[Stored data entries]
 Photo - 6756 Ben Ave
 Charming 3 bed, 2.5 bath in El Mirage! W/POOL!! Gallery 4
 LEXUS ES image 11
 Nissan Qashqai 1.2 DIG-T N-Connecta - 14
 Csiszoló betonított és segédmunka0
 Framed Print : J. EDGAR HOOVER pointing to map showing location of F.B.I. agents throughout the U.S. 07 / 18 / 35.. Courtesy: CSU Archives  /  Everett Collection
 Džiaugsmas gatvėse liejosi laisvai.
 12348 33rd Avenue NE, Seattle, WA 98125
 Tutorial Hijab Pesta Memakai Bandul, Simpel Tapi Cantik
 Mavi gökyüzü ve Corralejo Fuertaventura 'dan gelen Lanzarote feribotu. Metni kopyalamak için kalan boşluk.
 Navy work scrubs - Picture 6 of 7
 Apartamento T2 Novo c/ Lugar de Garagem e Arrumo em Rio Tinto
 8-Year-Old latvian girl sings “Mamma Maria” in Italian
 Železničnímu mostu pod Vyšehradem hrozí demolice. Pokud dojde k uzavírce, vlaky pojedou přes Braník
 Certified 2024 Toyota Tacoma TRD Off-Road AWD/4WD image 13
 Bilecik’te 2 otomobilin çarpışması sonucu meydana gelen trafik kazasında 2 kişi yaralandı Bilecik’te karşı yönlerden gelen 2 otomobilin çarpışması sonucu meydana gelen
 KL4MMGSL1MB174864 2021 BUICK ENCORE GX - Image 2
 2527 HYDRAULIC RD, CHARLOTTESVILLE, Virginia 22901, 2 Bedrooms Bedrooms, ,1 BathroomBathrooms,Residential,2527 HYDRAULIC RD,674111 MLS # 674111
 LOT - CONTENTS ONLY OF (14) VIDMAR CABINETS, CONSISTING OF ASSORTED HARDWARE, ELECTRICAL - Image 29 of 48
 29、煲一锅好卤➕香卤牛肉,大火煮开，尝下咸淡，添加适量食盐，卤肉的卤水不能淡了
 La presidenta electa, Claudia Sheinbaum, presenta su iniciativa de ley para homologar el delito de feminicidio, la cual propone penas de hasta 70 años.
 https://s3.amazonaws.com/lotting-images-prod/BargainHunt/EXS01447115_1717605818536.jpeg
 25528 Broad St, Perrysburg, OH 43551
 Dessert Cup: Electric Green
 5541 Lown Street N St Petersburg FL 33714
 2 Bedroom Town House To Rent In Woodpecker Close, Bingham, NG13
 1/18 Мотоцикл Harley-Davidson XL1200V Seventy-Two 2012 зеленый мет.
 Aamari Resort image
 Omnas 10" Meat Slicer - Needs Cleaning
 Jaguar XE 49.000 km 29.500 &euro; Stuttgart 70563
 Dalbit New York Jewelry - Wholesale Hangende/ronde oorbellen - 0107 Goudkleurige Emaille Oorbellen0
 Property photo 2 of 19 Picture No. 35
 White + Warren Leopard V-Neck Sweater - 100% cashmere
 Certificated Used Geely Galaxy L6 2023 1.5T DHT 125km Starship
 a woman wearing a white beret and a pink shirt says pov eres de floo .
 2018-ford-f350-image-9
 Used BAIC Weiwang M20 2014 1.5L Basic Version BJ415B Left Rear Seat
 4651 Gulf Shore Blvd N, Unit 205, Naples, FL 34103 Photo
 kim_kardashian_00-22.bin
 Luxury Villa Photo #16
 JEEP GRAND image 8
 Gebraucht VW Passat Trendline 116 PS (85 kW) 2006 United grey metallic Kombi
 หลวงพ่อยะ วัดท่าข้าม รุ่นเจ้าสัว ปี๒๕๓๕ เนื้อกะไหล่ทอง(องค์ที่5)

» **Action item**
Repeat the data in its entirety, word for word.

» **Written response**
 Photo - 6756 Ben Ave
 Charming 3 bed, 2.5 bath in El Mirage! W/POOL!! Gallery 4
 LEXUS ES image 11
 Nissan Qashqai 1.2 DIG-T N-Connecta - 14
 Csiszoló betonított és segédmunka0
 Framed Print : J. EDGAR HOOVER pointing to map showing location of F.B.I. agents throughout the U.S. 07 / 18 / 35.. Courtesy: CSU Archives  /  Everett Collection
 Džiaugsmas gatvėse liejosi laisvai.
 12348 33rd Avenue NE, Seattle, WA 98125
 Tutorial Hijab Pesta Memakai Bandul, Simpel Tapi Cantik
 Mavi gökyüzü ve Corralejo Fuertaventura 'dan gelen Lanzarote feribotu. Metni kopyalamak için kalan boşluk.
 Navy work scrubs - Picture 6 of 7
 Apartamento T2 Novo c/ Lugar de Garagem e Arrumo em Rio Tinto
 8-Year-Old latvian girl sings “Mamma Maria” in Italian
 Železničnímu mostu pod Vyšehradem hrozí demolice. Pokud dojde k uzavírce, vlaky pojedou přes Braník
 Certified 2024 Toyota Tacoma TRD Off-Road AWD/4WD image 13
 Bilecik’te 2 otomobilin çarpışması sonucu meydana gelen trafik kazasında 2 kişi yaralandı Bilecik’te karşı yönlerden gelen 2 otomobilin çarpışması sonucu meydana gelen
 KL4MMGSL1MB174864 2021 BUICK ENCORE GX - Image 2
 2527 HYDRAULIC RD, CHARLOTTESVILLE, Virginia 22901, 2 Bedrooms Bedrooms, ,1 BathroomBathrooms,Residential,2527 HYDRAULIC RD,674111 MLS # 674111
 LOT - CONTENTS ONLY OF (14) VIDMAR CABINETS, CONSISTING OF ASSORTED HARDWARE, ELECTRICAL - Image 29 of 48
 29、煲一锅好卤➕香卤牛肉,大火煮开，尝下咸淡，添加适量食盐，卤肉的卤水不能淡了
 La presidenta electa, Claudia Sheinbaum, presenta su iniciativa de ley para homologar el delito de feminicidio, la cual propone penas de hasta 70 años.
 https://s3.amazonaws.com/lotting-images-prod/BargainHunt/EXS01447115_1717605818536.jpeg
 25528 Broad St, Perrysburg, OH 43551
 Dessert Cup: Electric Green
 5541 Lown Street N St Petersburg FL 33714
 2 Bedroom Town House To Rent In Woodpecker Close, Bingham, NG13
 1/18 Мотоцикл Harley-Davidson XL1200V Seventy-Two 2012 зеленый мет.
 Aamari Resort image
 Omnas 10" Meat Slicer - Needs Cleaning
 Jaguar XE 49.000 km 29.500 &euro; Stuttgart 70563
 Dalbit New York Jewelry - Wholesale Hangende/ronde oorbellen - 0107 Goudkleurige Emaille Oorbellen0
 Property photo 2 of 19 Picture No. 35
 White + Warren Leopard V-Neck Sweater - 100% cashmere
 Certificated Used Geely Galaxy L6 2023 1.5T DHT 125km Starship
 a woman wearing a white beret and a pink shirt says pov eres de floo .
 2018-ford-f350-image-9
 Used BAIC Weiwang M20 2014 1.5L Basic Version BJ415B Left Rear Seat
 4651 Gulf Shore Blvd N, Unit 205, Naples, FL 34103 Photo
 kim_kardashian_00-22.bin
 Luxury Villa Photo #16
 JEEP GRAND image 8
 Gebraucht VW Passat Trendline 116 PS (85 kW) 2006 United grey metallic Kombi
 หลวงพ่อยะ วัดท่าข้าม รุ่นเจ้าสัว ปี๒๕๓๕ เนื้อกะไหล่ทอง(องค์ที่5)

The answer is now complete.